Sunday, June 22, 2008

So Why Are You Calling Me?

When we left Leran last September we put our telephone and internet on "suspension". For a nominal fee we could retain our phone number (which took forever to obtain) and with the promise of a mere phone call from Moab to reinstate, I took the bait. Two weeks before departure, I started calling the France Telecom English-Speaking Hotline. My two favorite recordings---in fact, the only recordings I repeatedly heard---were: "Thank you for calling....all our lines are busy....thank you for calling back later"; or, "Your call is being handled in the order in which it was received". I could only listen to the latter recitation a couple million times before I had to disengage and move the next bloke one up in the queue.

Our departure date came and went and I still hadn't connected with my friends at France Telecom. I was resigned to making an in-person trip to Pamiers, wait in the in-person queue there and conduct business the old-fashioned way. We did this last Tuesday on the way back from dropping off our rental car in Carcassonne. It was as if I was blessed since I waltzed in and out with nary a hitch. I presented my facture (bill) to the young gentleman and explained that "J'ai la telephone et le internet sur suspension et je voudrais faire meme chose comme avant". What I hoped I was saying, roughly, was "I have a telephone and internet on suspension and would like the same as before. You must understand that this was a memorable sentence for me, and the last thing I was remotely concerned about was whether I had proper tense or proper gender stuff. I just wanted to see the light go on in the guy's eyes.

He indicated he understood, clicked on the computer, punched a few keys to pull up the account and Voila! Pas de problem, madame! Aujourd'hui ou demain, he informed me. Not bad I thought. But when Thursday rolled around and no internet I began to worry, and started calling the FT English-speakers again. No luck. No big surprise. No internet on Friday, so I decided to stay on the line until the proverbial cows came home with the FT folks. A good 20 minutes went by before a distinctive click in the phone line occurred.

I introduced myself with my name, phone number and stating that I had been to Pamiers to get re-connected but still no internet. The gentleman interrupted "So, why are you calling me today?" After waiting 20 minutes I was a little taken back with his customer service approach, but plodded on. I explained that I 'expected' internet service on Thursday, so was checking to see if something was wrong. (I think 'expect' is a word not to be used in dealing with French services.) He then changed tactics, and asked me if I wanted to receive my bills by the email of my choice. I'll make him happy and say yes, I thought. I made a grave error in attempting to clarify my email address, however, when he suddenly interjected "I do this every day for a living". Desole.....

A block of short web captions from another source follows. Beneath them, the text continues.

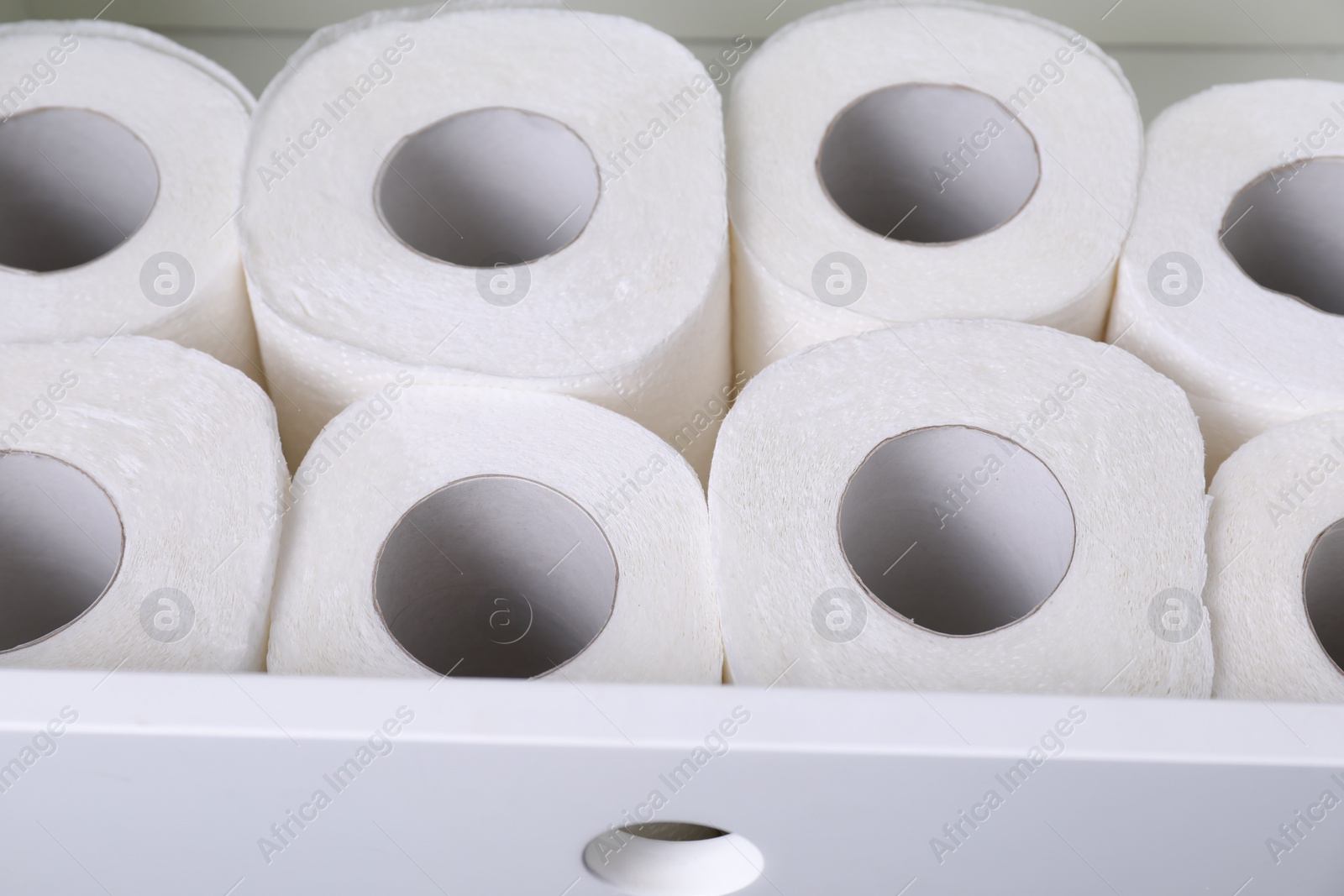 Photo of Many toilet paper rolls in white drawer indoors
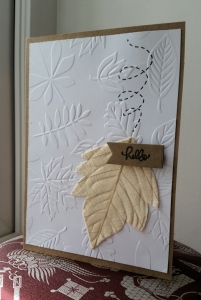 A Bit Of Glue & Paper - kraft card, white panel embossed with leaves, embellished with fabric leaf below stamped dotted line representing falling, die cut kraft flag stamped with hello; CAS(E) This Sketch #215 - Vancouver BC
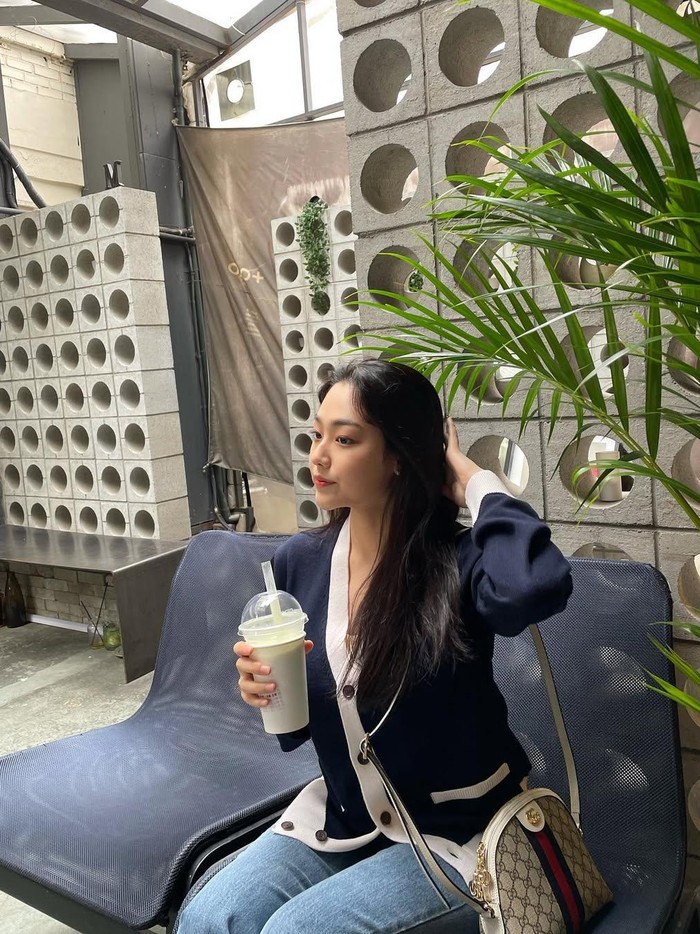 Hangout cantik di kafe, ia terlihat santai dengan cardigan navy yang mempunyai aksen putih, memadukannya dengan celana jeans membuatnya makin stylish dan comfy./ Foto: Instagram.com/happiness_o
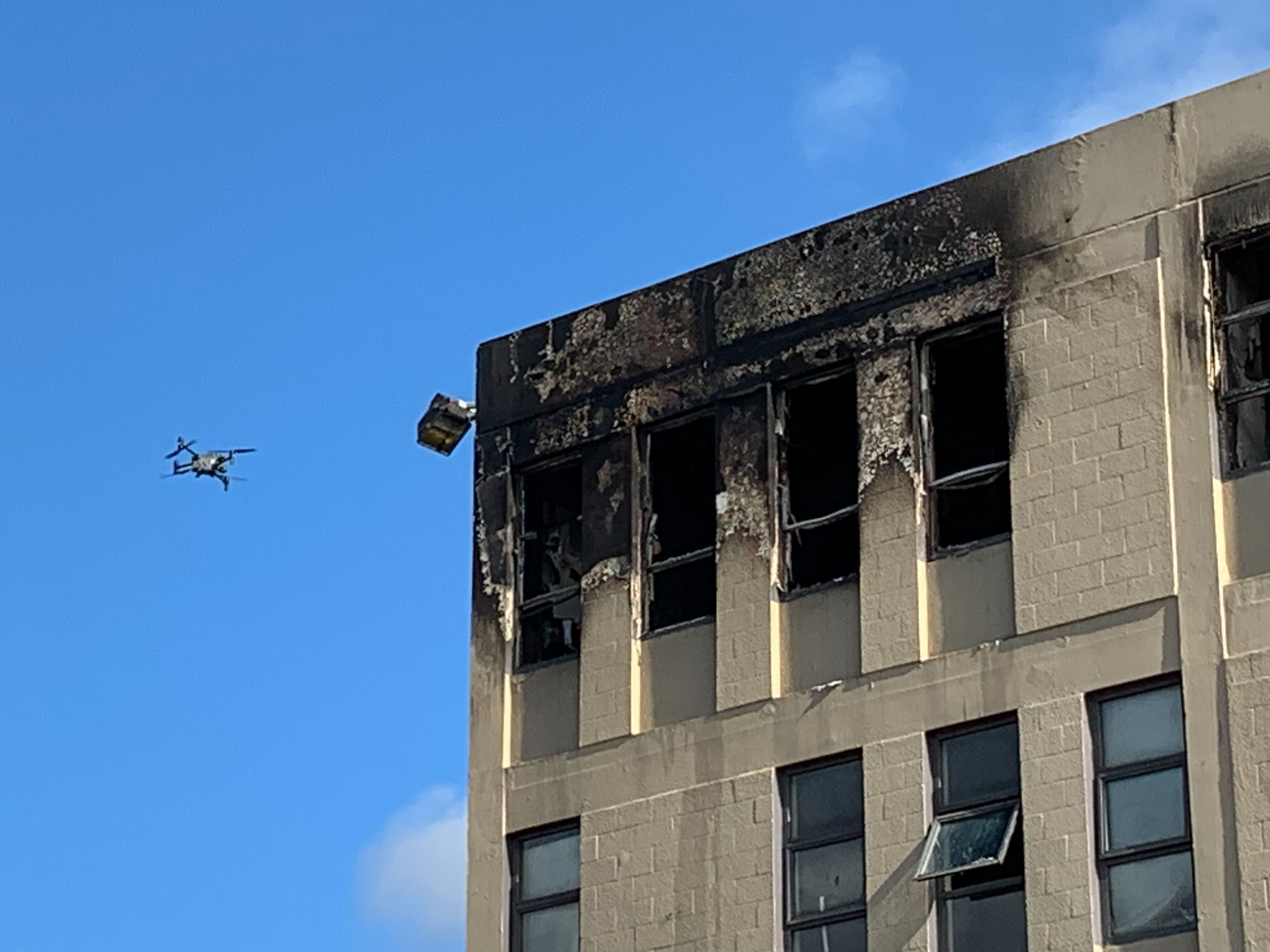 A drone surveys damage and risk of collapse at Wellington's Loafers Lodge after a fire in May. Photo / Mark Mitchell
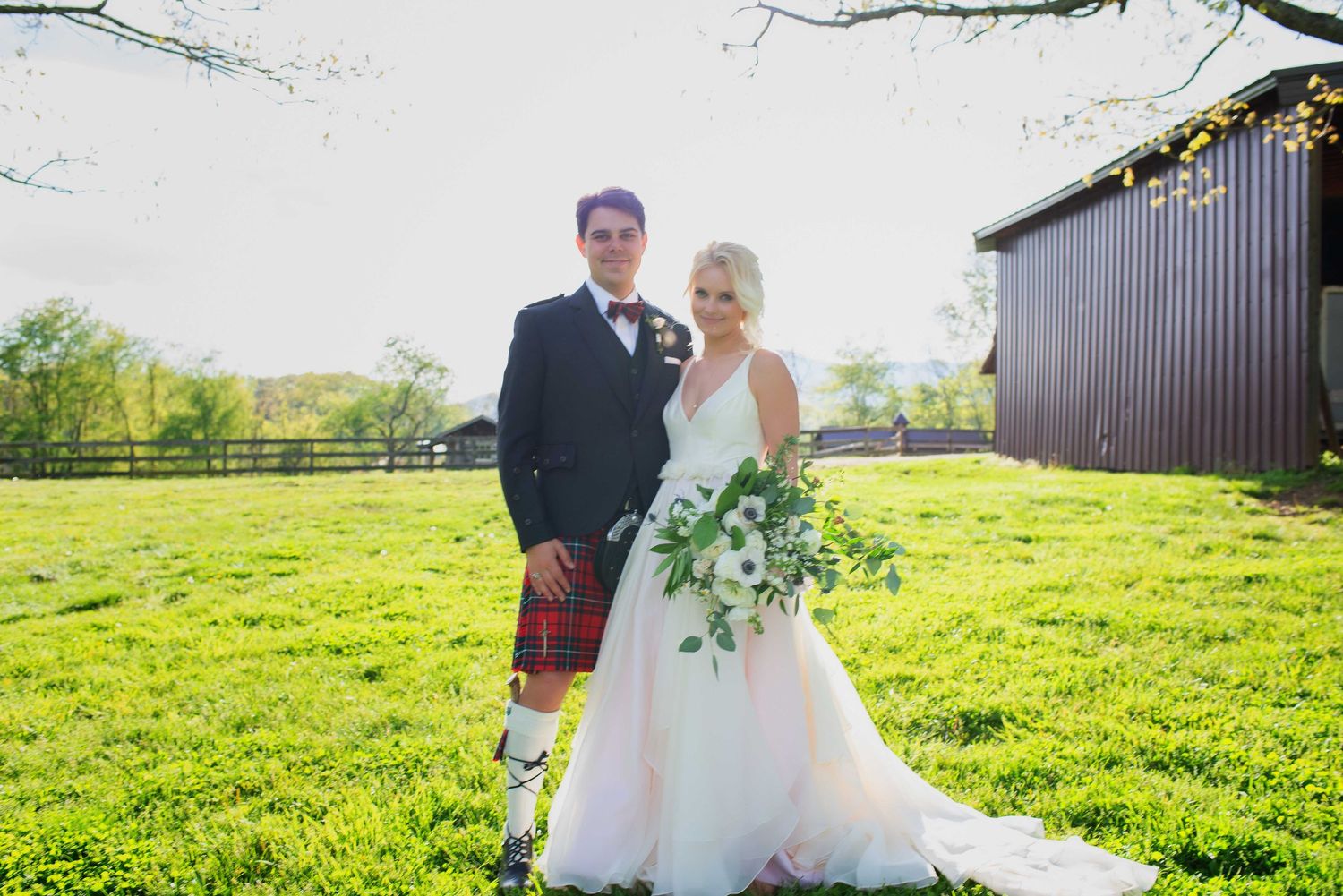 Bride in white gown and groom in kilt pose together on green lawn near red barn on sunny wedding day.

Before cutting me off, he humored me by checking the account and discovered that the person in Pamiers had connected our internet to a dial-up instead of a broadband account and that is why it wasn't working. "That person didn't know what he was doing, he shouldn't be working there. I have now done it correctly. It will take four days, it always takes four days for it to work...never the same day. Good bye".

Four days would have been Monday or Tuesday, but Saturday morning we had internet. I think that person in Pamiers actually did get it right. And, he was very polite. Once again, we are reminded that if we spoke better French our lives would be much less complicated. The simplest things become obscure when your language skills are fuzzy.


Anonymous said...

What you actually said to the young man in Pamiers was, "Please connect my hot dog."

Anonymous said...

Good to have you guys back in France- it is great reading. Nance- your pics of the misty morning are great!